Iniziamo col dire che una volta i bambini erano una fonte di reddito per le famiglie, soprattutto quelle povere che erano parecchie in Italia prima del boom degli anni ’70. Avere molti figli era una ricchezza nel vero senso della parola, in quanto più braccia da lavoro equivaleva a più soldi (seppur pochi) in casa. Mia nonna a 6 anni pascolava le tre mucche del suo vicino e a quattordici era a 300km di distanza da casa sua a badare a quattro bambini di una famiglia lombarda. Inoltre, una volta i contraccettivi erano visti come la peste in un rapporto matrimoniale: la Chiesa ti obbligava a non evitare le gravidanze, ma anzi ad accogliere ogni vita nuova. Col risultato che tanti bambini non sopravvivevano dopo numerosi parti della madre. Inoltre, la donna una volta non lavorava, o meglio svolgeva il lavoro più bistrattato del mondo: la casalinga. Stando sempre in casa la donna aveva certo più tempo per accudire molti figli, ma era anche economicamente dipendente dal marito. E qui si sfata il secondo mito: che la donna una volta amasse il marito più delle donne attuali.

Il matrimonio una volta era una tappa obbligata nella vita di uomini e donne e per le donne significava, con tutto il rispetto, dipendere dallo stipendio del marito: episodi di violenze domestiche si sono sempre verificati, tuttavia il divorzio era taboo, così come le denunce alle autorità e andarsene di casa equivaleva ad una stigmate sociale e a miseria quasi certa. Per questi motivi, tante donne sopportavano botte, vessazioni e lo status quo per poter vivere.

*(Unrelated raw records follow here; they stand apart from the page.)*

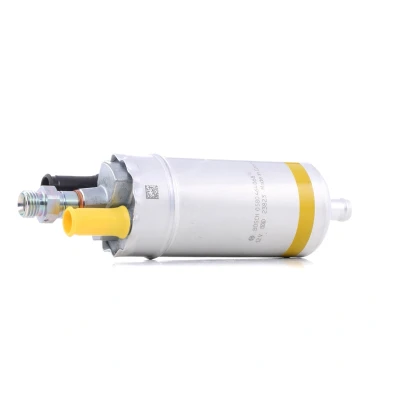 Imagem de BOSCH 0 580 464 068 Bomba de Combustível elétrico VOLVO: 240 Sedan, 740 Carrinha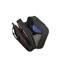 SAMSONITE Gurulós Notebook táska 115332-1041, ROLLING TOTE 17.3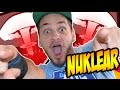Meine ERSTE NUKLEAR | Black Ops 2 | Commentary Meine ERSTE NUKLEAR | Black Ops 2 | Commentary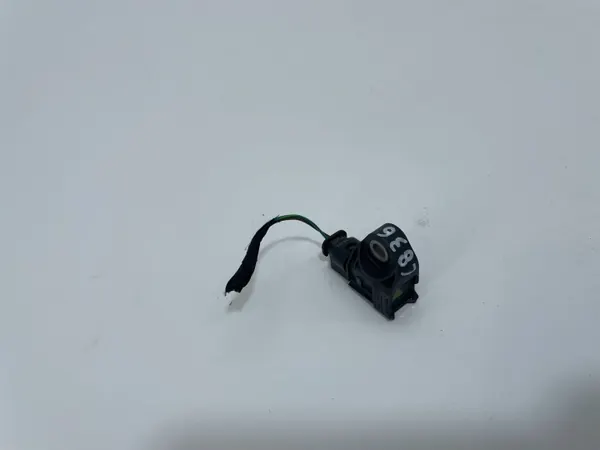 BMW OEM 5A2D769 Krockdetektorsticka för 3/4-serien image 4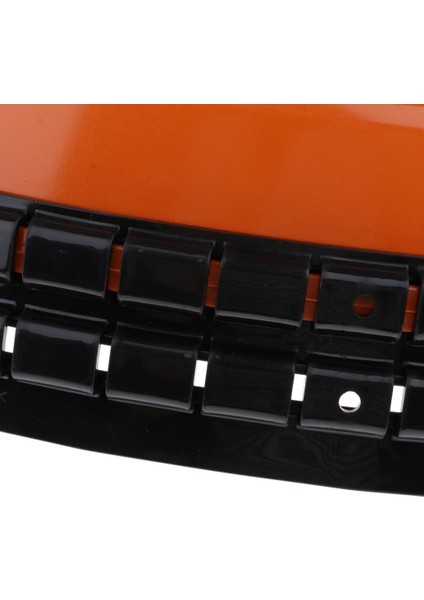 Fs120 Fıt Fs110 Fs130 Fs160 Fs180 (Yurt Dışından) fiyatları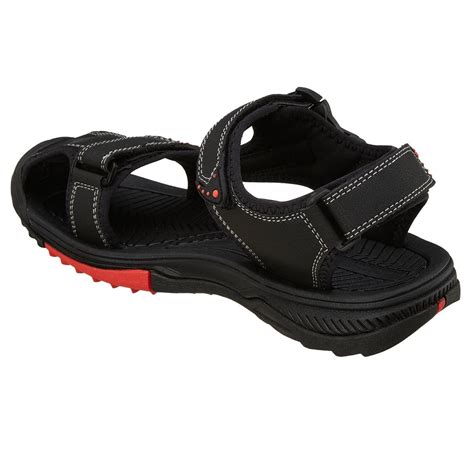 Duke Men Floaters (FWF3057)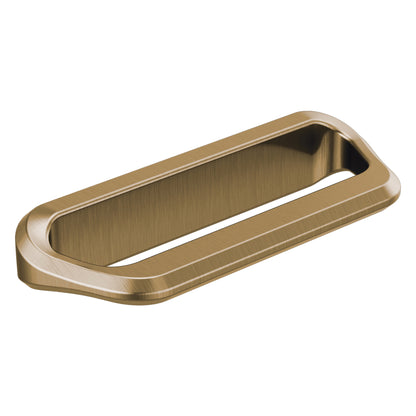 Levoir - Drawer Pull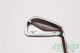Mizuno MP-64 Single Iron 5 Iron Steel X-Stiff Right 38.0in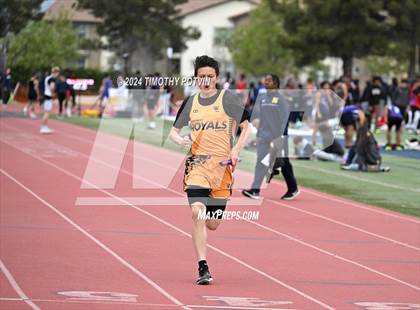 Thumbnail 3 in Inland Empire Championships 2024 photogallery.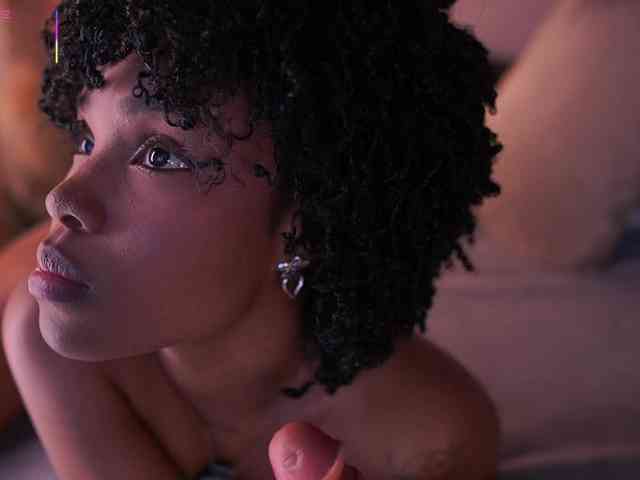 Model: AriaFoster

La libertà di oggi ovviamente ha un prezzo: una volta il senso del sacrificio era molto più sentito di ora. Quasi nessuno ormai decide di tenersi a casa un parente malato, si preferisce il ricovero. Come insegnano gli antichi Romani in medio stat virtus. Mi auguro quindi di assistere ad un’altra rivoluzione sociale del concetto di famiglia e di sacrificio per la famiglia.